• [Available data]:
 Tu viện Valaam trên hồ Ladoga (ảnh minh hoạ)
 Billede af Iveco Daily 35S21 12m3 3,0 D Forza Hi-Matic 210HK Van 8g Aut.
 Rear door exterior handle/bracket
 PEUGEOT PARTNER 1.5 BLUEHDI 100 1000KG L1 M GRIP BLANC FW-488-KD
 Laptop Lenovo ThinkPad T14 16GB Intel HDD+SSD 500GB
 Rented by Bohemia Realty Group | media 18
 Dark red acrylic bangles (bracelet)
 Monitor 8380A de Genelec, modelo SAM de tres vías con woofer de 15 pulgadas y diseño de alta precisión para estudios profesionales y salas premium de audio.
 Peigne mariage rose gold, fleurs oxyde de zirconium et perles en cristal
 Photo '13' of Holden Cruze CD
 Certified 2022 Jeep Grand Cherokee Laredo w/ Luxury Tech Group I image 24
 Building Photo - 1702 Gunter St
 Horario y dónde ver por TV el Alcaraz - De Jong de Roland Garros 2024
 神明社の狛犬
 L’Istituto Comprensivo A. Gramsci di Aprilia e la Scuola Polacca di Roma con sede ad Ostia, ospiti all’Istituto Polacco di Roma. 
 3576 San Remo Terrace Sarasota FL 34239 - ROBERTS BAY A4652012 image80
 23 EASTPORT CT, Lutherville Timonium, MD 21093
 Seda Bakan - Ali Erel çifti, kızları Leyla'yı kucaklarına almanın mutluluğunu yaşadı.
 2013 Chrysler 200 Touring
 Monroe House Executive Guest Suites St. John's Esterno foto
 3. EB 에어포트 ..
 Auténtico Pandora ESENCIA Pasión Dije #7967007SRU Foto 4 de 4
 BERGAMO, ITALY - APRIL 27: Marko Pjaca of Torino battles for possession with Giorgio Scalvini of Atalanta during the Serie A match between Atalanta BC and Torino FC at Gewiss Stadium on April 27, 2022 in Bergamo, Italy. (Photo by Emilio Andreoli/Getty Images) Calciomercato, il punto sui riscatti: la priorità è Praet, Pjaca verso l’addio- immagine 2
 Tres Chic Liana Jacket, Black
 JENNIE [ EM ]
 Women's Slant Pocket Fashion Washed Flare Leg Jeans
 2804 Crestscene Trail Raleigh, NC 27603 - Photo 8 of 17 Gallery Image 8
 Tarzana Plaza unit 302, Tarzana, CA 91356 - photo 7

• [Assigned task]: Reproduce only the lines above spanning from the line containing "2013 Chrysler 200 Touring" through the line containing "Auténtico Pandora ESENCIA", word for word.

• [Solution to this task]:
 2013 Chrysler 200 Touring
 Monroe House Executive Guest Suites St. John's Esterno foto
 3. EB 에어포트 ..
 Auténtico Pandora ESENCIA Pasión Dije #7967007SRU Foto 4 de 4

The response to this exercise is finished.